Opinião
Vai-nos fazer muita falta
Conheci muita gente com extraordinárias capacidades oratórias, capaz de fixar uma plateia durante eternos minutos; mas conheci muito poucos que o conseguissem fazer com tanto interesse, talento e rigor científico como o António.
Estive no princípio da semana em Washington e o que por lá testemunhei recordou-me António Borges, a sua inteligência, a sua personalidade e a sua franqueza. Afinal foi lá que, há 35 anos, iniciei uma visita que me levou à Universidade de Stanford, onde ele se doutorava.
Na segunda-feira, fui assistir a uma sessão do Senado em que se debatia a intervenção militar na Síria. Apesar da oposição da opinião pública (o próprio Obama revelou que a mulher tinha dúvidas), e da incerteza quanto ao voto dos senadores, sejam eles da maioria, da oposição ou independentes, impressionou-me, mais uma vez, o respeito que todos reciprocamente se atribuem e merecem, designadamente quando estão em causa os interesses vitais do País.
Na quarta, 11 de Setembro, o combóio em que viajava entre Washington e NY (tal como todos os que circulavam nesse momento na linha) foi parado e mandado regressar à estação de partida, por terem caído na linha catenárias numa surpreendente extensão de 40 quilómetros de via: viagens canceladas, negócios abruptamente interrompidos, passageiros preocupados e ansiosos (mas silenciosos e disciplinados) e funcionários diligentes com a preocupação constante de informar os passageiros através do sistema áudio. Tudo sem berros, atropelos ou insultos com uma cooperação e civismo exemplares.

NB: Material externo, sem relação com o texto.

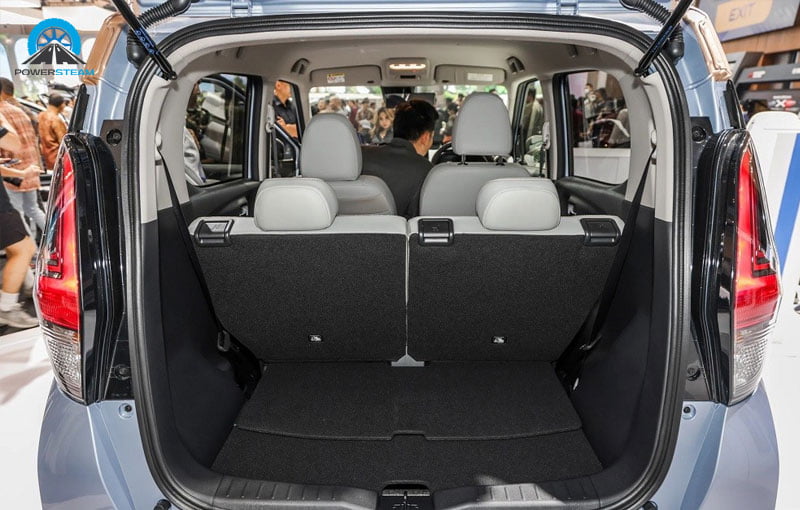 khoang-hanh-ly-xe-dien-mitsubishi-ek-x-ev-ra-mat-powersteam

Estas eram algumas das qualidades do António Borges: educação, respeito, clareza, franqueza, disciplina e generosidade.
Fez parte de uma geração que viveu um golpe de Estado militar quando se preparava para iniciar a vida profissional , que ocupou o vazio deixado por todos aqueles que esse golpe travestido de "revolução" saneou e que durante quase 40 anos (uma ida profissional! ) experimentou as mais diversas e surpreendentes situações políticas, sociais e económicas.
Era um dos melhores dessa geração.
Conheci-o quando ambos, cada um na medida das suas capacidades, colaborávamos na fundação do então PPD, que nasceu no Largo do Rato nas exíguas instalações da então defunta Legião Militar .
Eu era 3 ou 4 anos mais novo, quartanista daquela Faculdade de Direito de Lisboa que esteve quase dois anos em auto-gestão, até à posse de uma Comissão presidida pela professora Isabel Magalhães Colaço.
O António, para sorte dele, já estava licenciado. Foi um dos fundadores do prestigiadíssimo gabinete de estudos do PPD, que era dirigido por Alfredo de Sousa um grande professor de Economia e respeitado leader de talentos.
Como outros recém-licenciados de então, decidiu continuar a sua formação escolar fora de Portugal. Quando em 1978 recebi um inesperado convite institucional para visitar Universidades, Centros de Investigação e jornais americanos, inclui no meu trajecto a Universidade de Stanford, na Califórnia, para visitar o António.
O estatuto e "trânsito" que ele gozava em Stanford impressionou-me: muito popular entre alunos e professores e destinatário de um enorme elogio proferido pelo Director da Faculdade de Direito com quem almoçámos nesse dia.
Falámos muito sobre o País e o nosso futuro profissional, pois o seu conselho era sempre fundado e prudente.
Fui acompanhando a sua formação universitária e a sua carreira docente com atenção e confesso que me senti orgulhoso quando a revista Fortune o escolheu para capa de uma das edições, por causa do seu trabalho à frente do INSEAD.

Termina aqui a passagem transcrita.